As Donington celebrates the ruby anniversary of its rebirth, we meet some of those who helped get it through good years and bad
Forty years. That is the milestone Donington Park circuit celebrates this season. Early middle-age in human terms, yet in celebrating those four decades the revived Donington Park circuit is not only fitter than ever but flexing new-found muscles. It won’t host another Formula 1 Grand Prix, but can and does host almost everything else – touring cars, superbikes, historics, trucks, not to mention music festivals – and seven hard years after a disastrous re-boot attempt
the evidence of those depredations is gone; the place is smart, toned and verdant. You can almost feel Tom Wheatcroft beaming down over the park as the paddock fills with competitors, the stands with spectators.
“This is the first time we’ve had the entire infield open since 2010,” says Christopher Tate, Donington’s MD, watching the Historic Festival get going. “There’s great viewing. Stand on the outside of Macleans and you can see a longer sequence of racetrack than anywhere else in Britain.” He’s proud of the circuit, and of the dedicated team who oil the invisible cogs that allow racing to happen and later I’ll get to talk to a few.

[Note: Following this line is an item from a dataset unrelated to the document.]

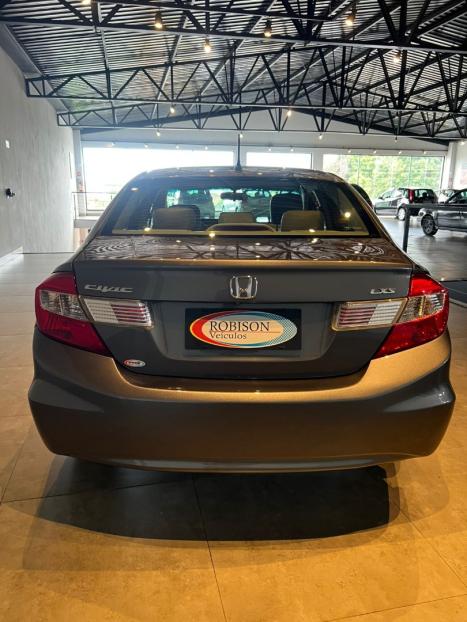 HONDA Civic 1.8 16V 4P FLEX LXS AUTOM�TICO, Foto 5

Like Goodwood, the track now has a longer history since revival than in original guise. Between the wars it had a bare decade from the first unsurfaced motorcycle races of 1931 to extinction by events abroad. Yet those few years as Britain’s foremost road-racing track finally drew the European racing troupe across the Channel and culminated in the two legendary Grands Prix of 1937 and ’38 when Caracciola, Nuvolari, Rosemeyer, Lang and Seaman displayed the German cars’ eye-watering performance to an amazed British crowd.
The significance of those two races was crucial, not just because it demonstrated how the lack of a suitable road circuit had let the UK drop out of Grand Prix endeavour; it also planted the seed that would grow into the track we have today. For a burly young local lad called Tom Wheatcroft watched those races, and never forgot them. Not that he swore then and there to restore and restart the track: war service and his subsequent house-building business occupied this driven man, but as his activities became immensely profitable – the post-war housing shortage was acute – Tom’s intense love of Grand Prix racing meant he could reward himself with a historic racing car or two. Or more – by the late 1960s he had gathered about 30, and he needed somewhere to keep them.

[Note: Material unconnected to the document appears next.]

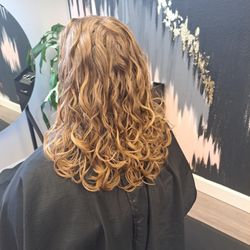 Collective Curl Salon and Suites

Today the Donington Grand Prix collection is world-famous, packed with Vanwalls, BRMs and the biggest spread of McLarens on public view as well as some thundering huge war machines, and in its crankshaft-plan building is one of the highlights of a visit to the track, as well as a valuable functions venue. It seems a natural home, yet
it wasn’t Wheatcroft’s plan.
Given Wheatcroft’s antler-locking tussles with planning officials over the years, it’s amusing that the seed idea of buying Donington Park was gifted him by Leicestershire’s planning chief. But in his autobiography Thunder in the Park that’s who Tom said triggered it, when he was looking for somewhere to display his growing collection.

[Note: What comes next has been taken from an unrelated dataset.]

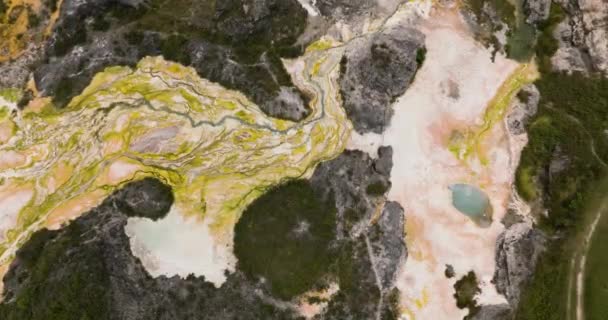 硫黄や火山活動に覆われた沸騰した地熱温泉のトップビュー Sipoholon温泉 インドネシアのスマトラ島 — ストック動画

By now the one-time romantic parkland enclosing neo-Gothic Donington Hall had been left a wreck after the army’s wartime requisition to store thousands of vehicles, and it was an albatross round owner Gillies Shields’ neck. Various attempts to restart the moribund track had stagnated, especially after the death of Fred Craner, powerhouse of the circuit in its thriving years. Abandoned and decrepit as it was, few could see a viable future as a motor sport venue. Small businesses still occupied the army buildings while the tyre-churned remnants of a once rural landscape looked not so much a money pit as a cash crevasse.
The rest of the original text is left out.